如果你醒来的时间刚刚好,既不是太早天还没亮,也不是太晚日上三竿,那么你躺在床上就可以嗅到春天的味道。那是一种亲切的淡淡的香味,像是老祖母擦在脸上的雪花膏,你并不是真的闻到了,而是藏在你记忆里的芬芳。它是小时候背着新发的课本,奔跑在上学的路上时,扑面而来的气息。它钻入你的鼻腔,浸润你的肺叶,把你体内的污浊全部驱赶消散,给你焕然一新的力量。
有时候,人们记住一件事情不是通过别的,而是通过嗅觉。就像花田间蜜恋的情侣,多年后当他们再想起当年恋爱的美好时,仿佛又闻到沁人的花香;城市中雨后泥土的芬芳也会让背井离乡的人想起家乡泥泞的土路而泛起淡淡的乡愁。又比如北方的学子到外地求学,每到立春,鼻孔间仿佛钻入了炸鸡蛋酱的香味,寻着这香味的来处,赫然看见自家的窗子开着,妈妈站在窗前烙春饼,旁边的灶台上摆着一大碗冒着香气的鸡蛋酱和一碟切成均匀细丝的小葱。那是十分的美味的,山珍海味也替代不了的味道,妈妈的味道,姥姥、奶奶的味道。

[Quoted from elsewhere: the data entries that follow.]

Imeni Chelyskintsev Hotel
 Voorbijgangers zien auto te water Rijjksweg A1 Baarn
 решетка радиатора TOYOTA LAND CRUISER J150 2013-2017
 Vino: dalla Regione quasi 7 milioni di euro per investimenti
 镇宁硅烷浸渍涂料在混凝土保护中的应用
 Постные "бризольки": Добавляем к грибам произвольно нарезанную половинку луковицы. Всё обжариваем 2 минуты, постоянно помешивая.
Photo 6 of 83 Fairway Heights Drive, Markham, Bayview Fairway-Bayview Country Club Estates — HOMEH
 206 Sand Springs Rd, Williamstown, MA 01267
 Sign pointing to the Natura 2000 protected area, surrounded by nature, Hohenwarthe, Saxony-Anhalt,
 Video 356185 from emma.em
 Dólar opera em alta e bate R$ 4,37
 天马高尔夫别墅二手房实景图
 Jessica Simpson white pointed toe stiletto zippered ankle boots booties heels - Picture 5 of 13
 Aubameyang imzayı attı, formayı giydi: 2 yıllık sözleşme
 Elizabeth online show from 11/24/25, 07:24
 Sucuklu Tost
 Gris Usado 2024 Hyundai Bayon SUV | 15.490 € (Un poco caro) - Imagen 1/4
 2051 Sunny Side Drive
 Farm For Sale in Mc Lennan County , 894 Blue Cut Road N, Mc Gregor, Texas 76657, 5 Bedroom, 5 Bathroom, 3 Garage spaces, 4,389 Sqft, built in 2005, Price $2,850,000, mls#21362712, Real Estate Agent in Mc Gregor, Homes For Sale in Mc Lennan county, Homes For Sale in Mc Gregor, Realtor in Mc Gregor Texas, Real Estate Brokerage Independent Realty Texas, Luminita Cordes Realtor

是的,吃春饼是立春的习俗,吃过了春饼,春的序幕也就此拉开了。冰雪渐渐消融,冰冻了一个冬天的河水渐渐开化。急性子的迎春来不及长叶子,就将花开在这乍暖还寒的初春。北方人们常常是穿着棉衣赏迎春花,而迎春花瓣上还覆盖着倔强的不肯融化的冰雪,然而这嫩嫩的鹅黄色的花朵虽小,却绝不向冰雪低头,一朵朵听着春的号令,齐齐地绽放。这种坚韧明澈的美,像极了北方人直爽的性情。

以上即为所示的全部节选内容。